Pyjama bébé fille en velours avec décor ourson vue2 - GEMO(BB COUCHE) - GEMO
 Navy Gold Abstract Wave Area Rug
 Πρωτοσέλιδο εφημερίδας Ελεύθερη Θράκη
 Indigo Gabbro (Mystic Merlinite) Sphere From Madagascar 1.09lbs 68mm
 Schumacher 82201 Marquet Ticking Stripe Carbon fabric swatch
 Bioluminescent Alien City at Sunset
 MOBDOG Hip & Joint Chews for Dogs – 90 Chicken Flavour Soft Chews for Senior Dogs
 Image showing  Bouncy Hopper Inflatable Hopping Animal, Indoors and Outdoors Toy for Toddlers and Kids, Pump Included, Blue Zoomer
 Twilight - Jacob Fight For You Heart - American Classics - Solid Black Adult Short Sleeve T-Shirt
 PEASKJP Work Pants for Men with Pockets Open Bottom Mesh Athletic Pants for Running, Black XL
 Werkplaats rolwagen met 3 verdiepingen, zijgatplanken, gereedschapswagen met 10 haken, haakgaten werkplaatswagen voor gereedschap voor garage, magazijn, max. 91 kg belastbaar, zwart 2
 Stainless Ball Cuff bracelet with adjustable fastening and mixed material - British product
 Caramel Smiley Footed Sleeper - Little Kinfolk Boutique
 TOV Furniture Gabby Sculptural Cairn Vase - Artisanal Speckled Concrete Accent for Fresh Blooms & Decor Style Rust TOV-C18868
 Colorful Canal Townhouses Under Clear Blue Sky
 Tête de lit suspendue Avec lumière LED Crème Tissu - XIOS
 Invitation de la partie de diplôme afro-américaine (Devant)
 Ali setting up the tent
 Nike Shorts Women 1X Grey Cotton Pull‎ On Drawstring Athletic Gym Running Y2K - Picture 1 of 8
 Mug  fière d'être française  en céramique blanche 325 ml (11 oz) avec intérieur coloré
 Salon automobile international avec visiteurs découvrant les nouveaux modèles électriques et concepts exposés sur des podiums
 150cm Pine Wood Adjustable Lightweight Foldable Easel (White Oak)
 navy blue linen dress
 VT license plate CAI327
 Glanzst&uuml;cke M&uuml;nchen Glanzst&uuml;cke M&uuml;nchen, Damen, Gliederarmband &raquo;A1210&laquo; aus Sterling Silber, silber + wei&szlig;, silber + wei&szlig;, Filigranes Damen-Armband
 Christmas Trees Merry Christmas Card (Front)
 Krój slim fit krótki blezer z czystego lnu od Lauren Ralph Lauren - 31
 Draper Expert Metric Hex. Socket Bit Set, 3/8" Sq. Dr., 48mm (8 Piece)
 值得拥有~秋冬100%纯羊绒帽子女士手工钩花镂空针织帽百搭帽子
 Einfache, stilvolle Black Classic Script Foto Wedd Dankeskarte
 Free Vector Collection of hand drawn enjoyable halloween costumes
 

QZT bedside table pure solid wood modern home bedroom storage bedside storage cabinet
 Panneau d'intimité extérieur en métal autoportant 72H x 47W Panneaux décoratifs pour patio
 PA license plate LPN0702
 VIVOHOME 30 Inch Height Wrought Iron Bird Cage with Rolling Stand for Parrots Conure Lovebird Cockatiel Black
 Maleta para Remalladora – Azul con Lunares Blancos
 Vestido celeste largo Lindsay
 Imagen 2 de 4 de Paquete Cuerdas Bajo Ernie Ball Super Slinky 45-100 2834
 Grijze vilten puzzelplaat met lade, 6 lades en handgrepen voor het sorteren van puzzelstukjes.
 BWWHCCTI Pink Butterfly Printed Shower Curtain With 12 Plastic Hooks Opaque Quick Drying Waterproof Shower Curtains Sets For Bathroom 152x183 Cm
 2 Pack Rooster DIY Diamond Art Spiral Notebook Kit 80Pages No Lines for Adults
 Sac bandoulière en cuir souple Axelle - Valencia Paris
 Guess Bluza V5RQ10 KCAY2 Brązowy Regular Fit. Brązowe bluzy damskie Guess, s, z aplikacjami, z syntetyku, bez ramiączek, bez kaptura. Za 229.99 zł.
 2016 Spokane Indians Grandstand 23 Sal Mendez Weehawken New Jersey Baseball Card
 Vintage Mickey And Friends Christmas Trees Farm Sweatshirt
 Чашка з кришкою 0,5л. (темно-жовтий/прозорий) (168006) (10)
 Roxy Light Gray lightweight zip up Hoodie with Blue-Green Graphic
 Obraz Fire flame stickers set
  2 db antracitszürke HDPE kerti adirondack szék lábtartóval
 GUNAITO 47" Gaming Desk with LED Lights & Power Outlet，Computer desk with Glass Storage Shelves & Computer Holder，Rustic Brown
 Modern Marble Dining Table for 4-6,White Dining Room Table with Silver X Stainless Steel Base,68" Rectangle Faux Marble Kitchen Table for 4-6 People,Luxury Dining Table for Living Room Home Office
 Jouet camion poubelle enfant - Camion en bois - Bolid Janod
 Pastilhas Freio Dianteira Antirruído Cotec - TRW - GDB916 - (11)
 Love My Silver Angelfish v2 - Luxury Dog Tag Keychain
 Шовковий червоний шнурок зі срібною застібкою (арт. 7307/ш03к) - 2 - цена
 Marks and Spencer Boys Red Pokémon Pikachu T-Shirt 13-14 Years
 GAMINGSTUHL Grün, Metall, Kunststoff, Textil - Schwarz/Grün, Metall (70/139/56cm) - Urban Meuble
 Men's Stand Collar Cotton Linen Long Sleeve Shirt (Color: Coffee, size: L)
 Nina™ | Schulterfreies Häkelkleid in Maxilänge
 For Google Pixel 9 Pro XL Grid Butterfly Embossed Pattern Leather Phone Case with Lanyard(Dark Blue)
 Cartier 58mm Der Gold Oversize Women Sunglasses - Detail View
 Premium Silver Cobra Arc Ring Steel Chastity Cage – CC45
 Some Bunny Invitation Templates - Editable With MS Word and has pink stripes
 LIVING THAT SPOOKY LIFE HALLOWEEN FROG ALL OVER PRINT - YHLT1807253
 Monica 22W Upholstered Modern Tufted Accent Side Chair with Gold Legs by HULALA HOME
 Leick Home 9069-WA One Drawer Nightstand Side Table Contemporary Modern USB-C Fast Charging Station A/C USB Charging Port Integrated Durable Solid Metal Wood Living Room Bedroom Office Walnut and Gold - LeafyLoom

[Your goal]: Could you copy exactly the lines from the first line of the records above through the line containing "MOBDOG Hip &", both included, and nothing else?

[Result of the task]:
Pyjama bébé fille en velours avec décor ourson vue2 - GEMO(BB COUCHE) - GEMO
 Navy Gold Abstract Wave Area Rug
 Πρωτοσέλιδο εφημερίδας Ελεύθερη Θράκη
 Indigo Gabbro (Mystic Merlinite) Sphere From Madagascar 1.09lbs 68mm
 Schumacher 82201 Marquet Ticking Stripe Carbon fabric swatch
 Bioluminescent Alien City at Sunset
 MOBDOG Hip & Joint Chews for Dogs – 90 Chicken Flavour Soft Chews for Senior Dogs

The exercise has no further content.